Berkaitan dengan masalah
kemiskinan, kekurangan pangan dan gizi yang terus melanda Nusantara, pada
tanggal 7 Februari 2012 dalam Seminar dan Pameran Ketahanan Pangan di JCC
Presiden SBY memberi 4 (empat) langkah praktis yang harus dilakukan bersama
guna mengatasi masalah ketahanan pangan yang terurai diatas.

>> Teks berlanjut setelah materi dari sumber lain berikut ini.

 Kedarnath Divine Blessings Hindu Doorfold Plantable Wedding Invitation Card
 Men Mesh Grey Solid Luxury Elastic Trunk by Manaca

Empat langkah praktis yang
disampaikan SBY dalam seminar dan pameran ketahanan pangan tersebut adalah
sebagai berikut: pertama, Presiden meminta agar masalah tersebut
dijadikan prioritas dan agenda nasional melalui program-program prorakyat yang
akan dilaksanakan. Kedua, produksi pangan juga harus terus
ditingkatkan. Dengan keterbatasan untuk terus menerus memperluas lahan, maka
peranan teknologi amat diperlukan. Ketiga, Presiden juga meminta
agar memastikan komoditas pangan tersedia dengan harga terjangkau dan
stabil. Keempat, terus pantau perkembangan pada tingkat global.
Menurut Presiden, hal ini tentu tidak bisa dikerjakan sendiri, dibutuhkan
kerjasama dengan negara-negara sahabat dan organisasi dunia lainnya.
b.
Pokok-pokok permasalahan
Pokok permasalahan utama atas
langkah praktis yang disampaikan presiden diatas adalah bahwa saran tersebut
merupakan intruksi yang dirasa kurang memahami sumber akar permasalahannya,
seperti dengan menyarankan memperluas lahan namun tanpa mengerti penyebab
menyempitnya lahan pertanian, dan meminta untuk memastikan komoditas pangan
tersedia dengan harga terjangkau dan stabil namun juga tanpa memahami bagaimana
harga tinggi tesebut terbentuk.
Dari permasalah-permasalahan yang
terurai diatas kami dari kelompok II menyimpulkan bahwa pokok-pokok
permasalahan ketahanan pangan nasional ada pada hal-hal berikut:
1.
Kesalahan Memahami Problem Ekonomi
Teori Thomas Robert Malthus yang
diadopsi dalam kurikulum Indonesia berpendapat, bahwa pertumbuhan penduduk
berdasarkan deret ukur sedangkan pertumbuhan makanan (kekayaan) berdasarkan
deret hitung.
Dari teori ini membuat anak didik
Indonesia memahami bahwa terjadinya kemiskinan, kekurangan pangan dan gizi
adalah akibat kelangkaan (scarcity), yang membuat masyarakat Indonesia
selalu berfikir bahwa sumber masalah kemiskinan dan kekurangan pangan terletak
pada pertumbuhan penduduk yang tinggi yang tidak dibarengi tingginya
pertumbuhan makanan, sehingga masyarakat dan pemerintah tidak pernah berfikir
bahwa terjadinya kemiskinan dan kekurangan pangan penyebabnya terletak pada
sistem distribusi yang salah dan rusak. Sehingga setiap solusi yang diberikan
tidak pernah mengena pada sumber pemicunya. Alhasil semua kebijakan tidak tepat
sasaran.
2.
Kekeliruan sistem distribusi
(undang-undang pertanahan)
Hukum pertanahan Indonesia merujuk
pada Pemikiran David Ricardo yang popular yaitu teori harga relative
berdasar biaya-biaya produksi, yang kemudian melahirkan teori biaya sewa tanah.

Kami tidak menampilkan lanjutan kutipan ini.